Opera Cabal's final performance of USW sold out Galapagos Art Space last night. Due to some last minute tinkering (on a whim, Alex & I ordered a giant 7X10 screen that hung under the disco ball in the center of the space and looked like one of those awesome LCD display screens at the Super Bowl, plus Habib jerry-rigged the onstage scrim to sweep up and down like a massive sail, and the bartenders dyed the water under the audience's seats black, the better to reflect all the projections in the piece) the show was, in short, spectacular. Yesterday I didn't like New Yorkers. Today, I'm in love with them.
From a personal standpoint, I highly recommend doing something interesting enough that people you haven't seen in half a lifetime are tempted to come and hang out to see it. I thought I'd died and gone to heaven yesterday -- but literally. Every 10 seconds someone I hadn't seen in between 5 and 12 years walked past me and then we recognized each other ... and then had nothing to say. Excellent!
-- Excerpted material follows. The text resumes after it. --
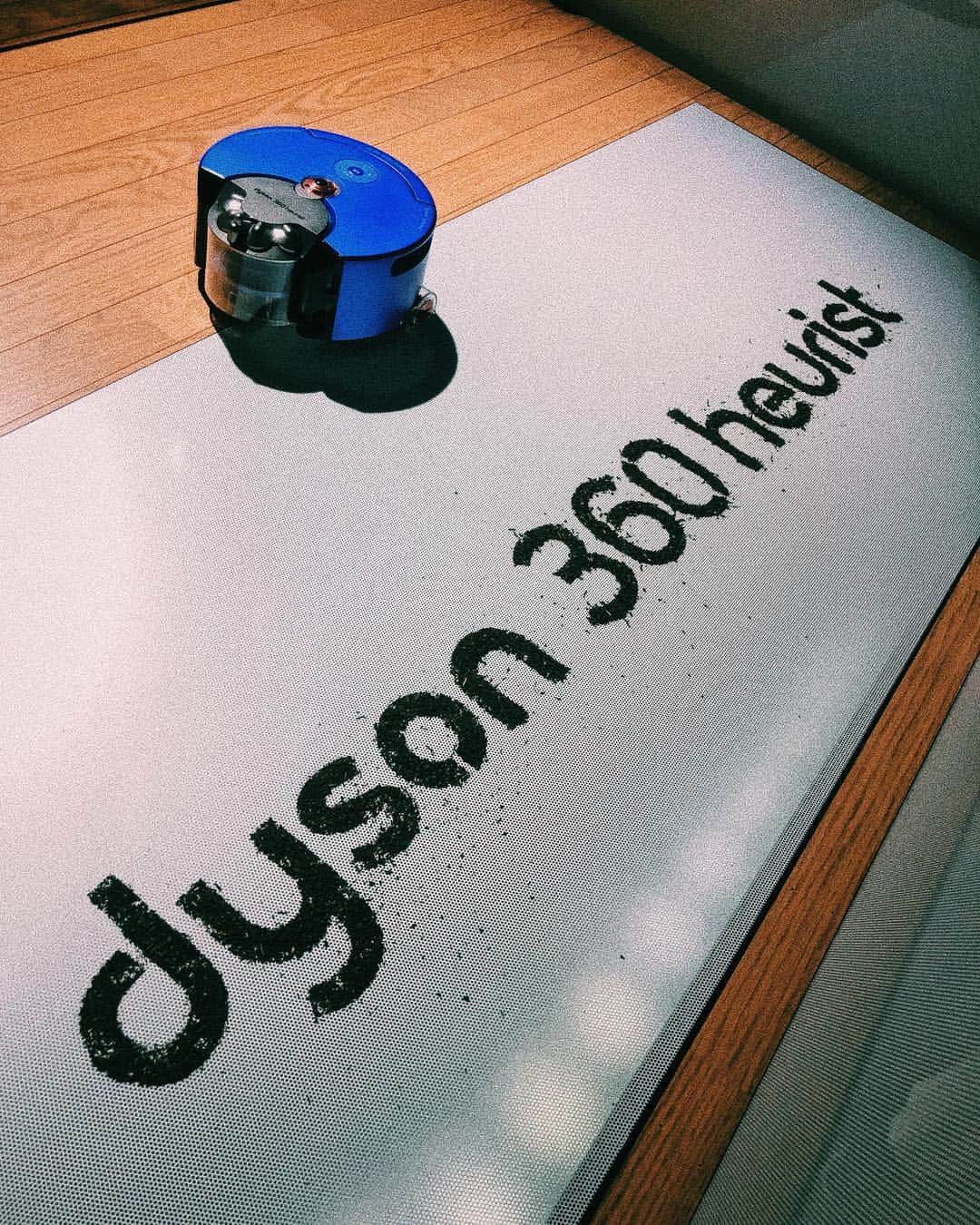 柴田翔平さんのインスタグラム写真 - (柴田翔平Instagram)「先日dysonの新作発表会に行ってきました！ dysonのハイテクノロジーが凄く詰まったロボット掃除機なんだけど、掃除しておきたい場所や家の配置もインプットしてくれてカスタマイズして掃除してくれるから家から帰って来ると常に綺麗になってる😆🙏🏽 しかも、今年は家族みんなが花粉で苦しんでいてこの掃除機を愛用し始めてからは常に家の中の空気も清潔になっていて帰宅の時に花粉が入ってきてしまってた家の中もこのダイソンロボット掃除機のお陰で常に綺麗になっていて家族みんなが快適になりました🙇‍♂️🙇‍♂️有難すぎる😭🙏🏽 #やっぱりdyson#dyson#ダイソン#掃除機#ダイソンロボット掃除機#pr @dysonjapan #dyson」3月27日 23時58分 - shohey_shibata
Things that don't change in a city that is otherwise always changing:
I hit up the Verb café in Williamsburg this morning, an old haunt of mine from 2005. Back in the day, when most other coffee houses, especially hip, progressive ones like the Verb (started by the man who married the girl who played the crazy pretty princess in The Neverending Story) were sporting fancy hi-speed wireless internet access, to get internet at the Verb you had to walk out of the cafe and down a weird, slightly deserted hallway to this grungy little tech hole called the internet garage to buy -- in person -- a faded little internet day pass (User Name: BH#cInQ$3h, Password: IcY*007) that didn't even work 60% of the time. It was very 1998 in 2005. In 2010, lo and behold, the internet garage is still there, and you still have to walk back in time and give your paper money to Marty McFly to be able to use the internet. In spite of this, to all you friends of mine who pooh-pooh Williamsburg and refuse to go there anymore because it's so developed, GET OVER IT. New York will always be developing. Williamsburg is awesome, even with all the strollers, and there is no competition for the runny oatmeal at the Verb.